The backlog occurred after the expansion of Medi-Cal, California’s version of Medicaid, under federal healthcare reforms when over a million residents signed up for the Obamacare options. Many were previously uninsured and ineligible. 

But as of May, the suit contends, over 900,000 of those applications—nearly a million—had still not been reviewed, leaving applicants in limbo. The backlog dropped by nearly two-thirds, to 350,000, after the Centers for Medicare and Medicaid Services sent a letter to California and five other states that had dragged their feet on getting applicants approved. The letter told them to come up with a plan to trim the backlog.

But the suit, filed by health access advocates, argues that even this backlog violates state law, which requires that all Medi-Cal applicants be informed of their eligibility status within 45 days after applying. Some Californians have been waiting over eight months, the suit charges.

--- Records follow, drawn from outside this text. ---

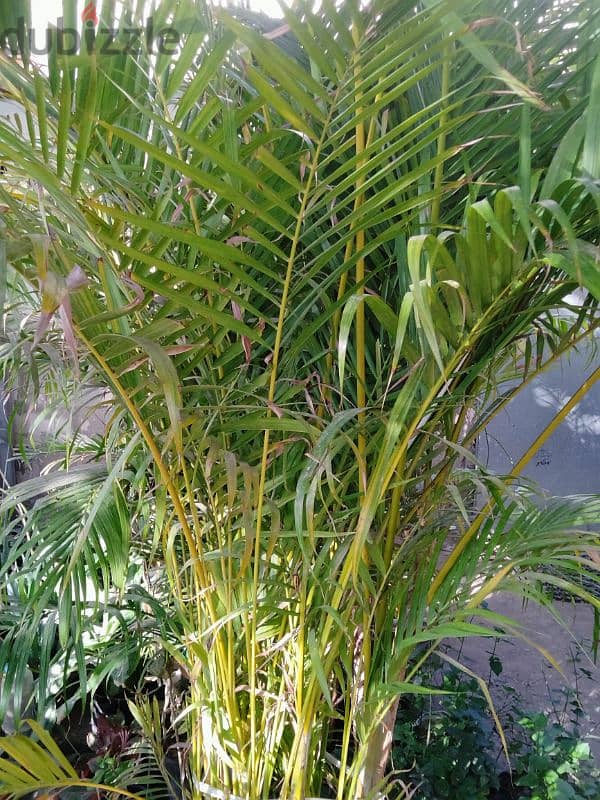 Areca palm and other indoor/outdoor plants 0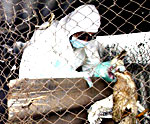avian-flu-150.jpg avian-flu-150.jpg
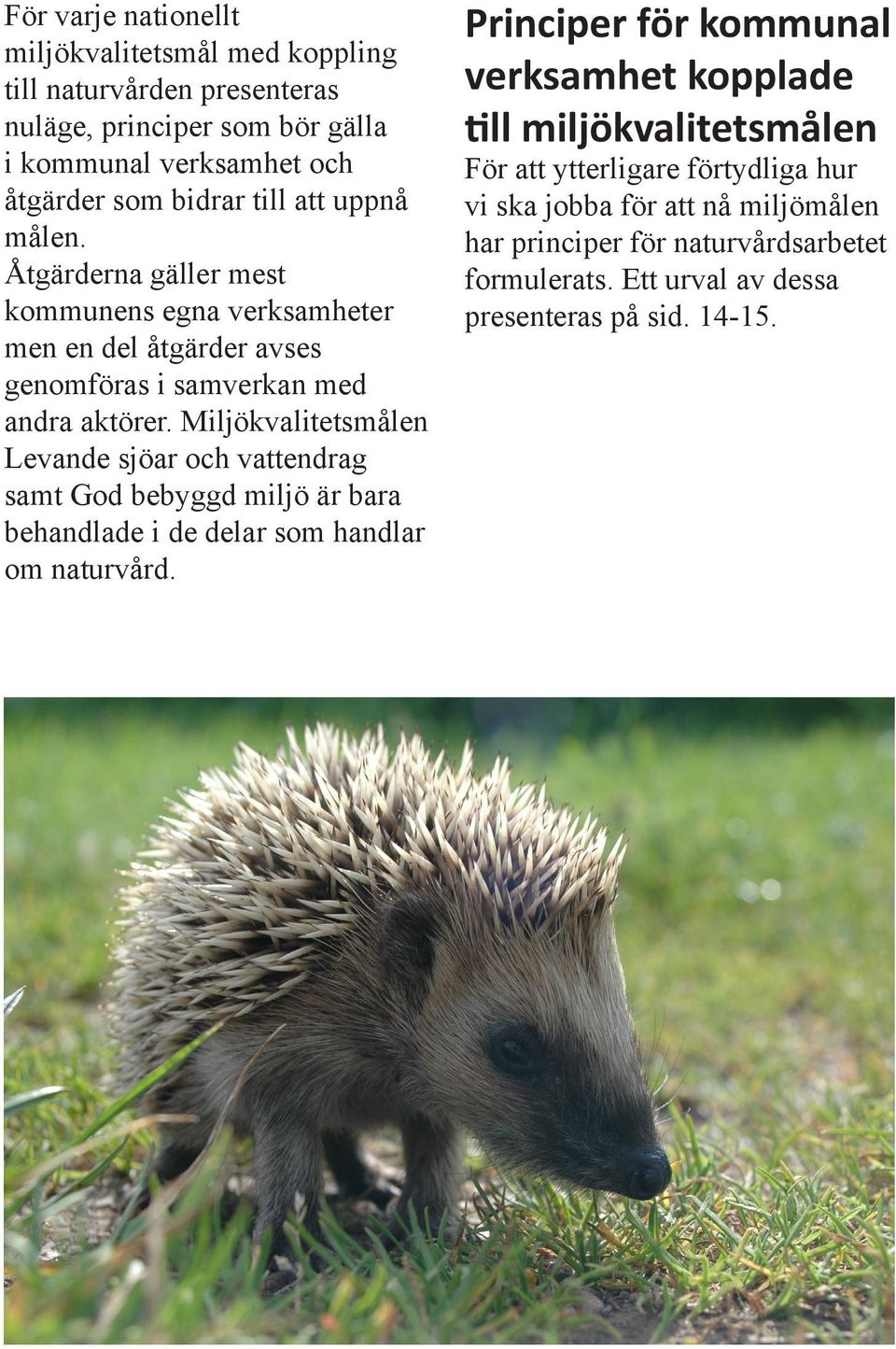 Miljökvalitetsmålen Levande sjöar och vattendrag samt God bebyggd miljö är bara behandlade i de delar som handlar om naturvård.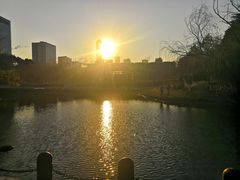 -白塘生态植物园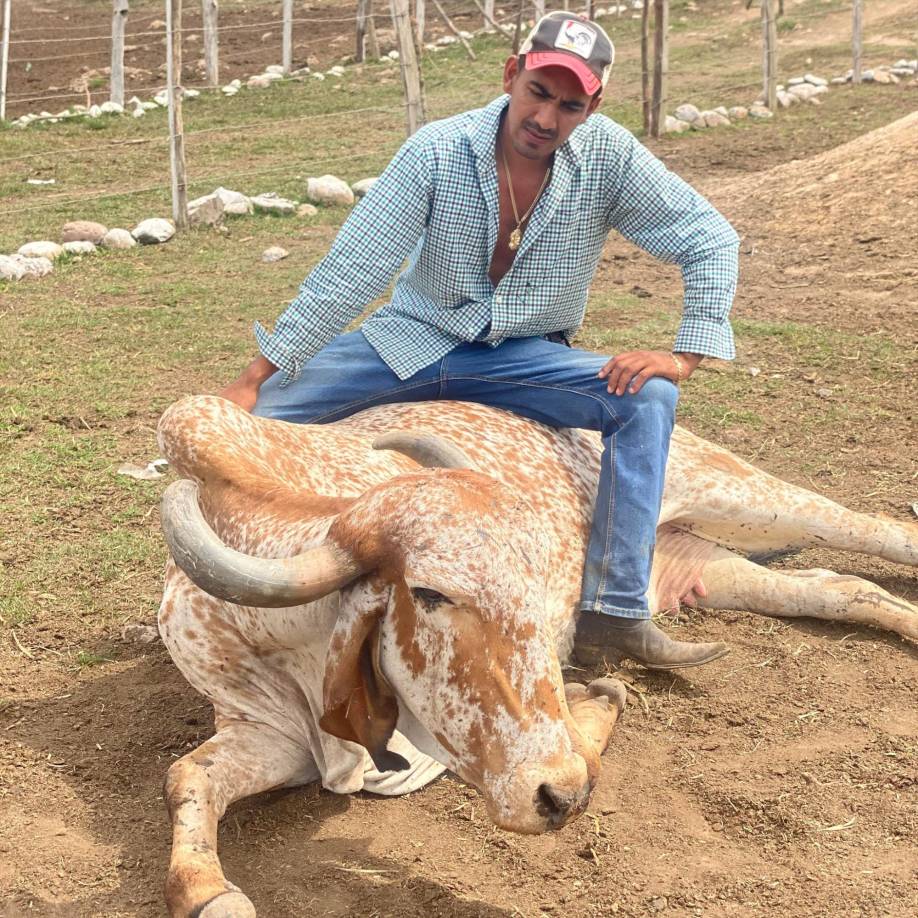 ”Los espiritus me sonríen porque las piedras están en un solo lugar”, se lee.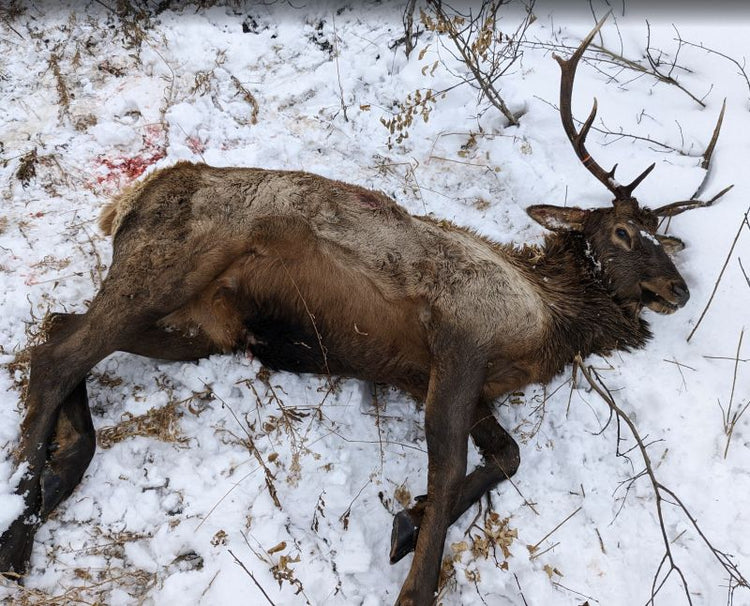 Best Electric Hunting Bikes for Elk Hunting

This situation happened to one of East County Magazine’s own writers, who was left without Medi-Cal coverage for months even after undergoing open heart surgery while his application was pending. Adding to the stress of his post-surgical recovery, he had to contend with notices of unpaid bills from the hospital and doctors – bills that Medi-Cal should have covered and eventually did, but only months later.

But some patients have avoided seeking treatment, waiting for their coverage to kick in. The lawsuit cites the tragic case of Robert Rivera, who was sent a notice that his Medi-Cal application had been approved in California, six months after he applied.  Unfortunately, the approval arrived two months after Mr. Rivera had died of a pulmonary embolism while still uninsured.  He also suffered from heart problems and gallstones.

The suit states,  “By definition, Medi-Cal applicants are among California’s poorest residents and have no alternate means to pay for treatment for urgent, critical health care needs. Many of the applicants in this Medi-Cal backlog are sick or have serious chronic health conditions and urgently need medical care or prescription medications.”

The suit also suggests that the state has failed to notify applicants that they have a right to be granted Medi-Cal early in certain circumstances and seek care even before their insurance card arrives in the mail.

Attorney Lucy Quacinella, in a statement issued to media, says the 350,000 people left in limbo  need help. “These are real people, and they are suffering,” she declares.  “The state has decided it’s OK to leave them in limbo, allowing their health to deteriorate as they wait desperately for word about their Medi-Cal applications. It’s not OK—it’s illegal.”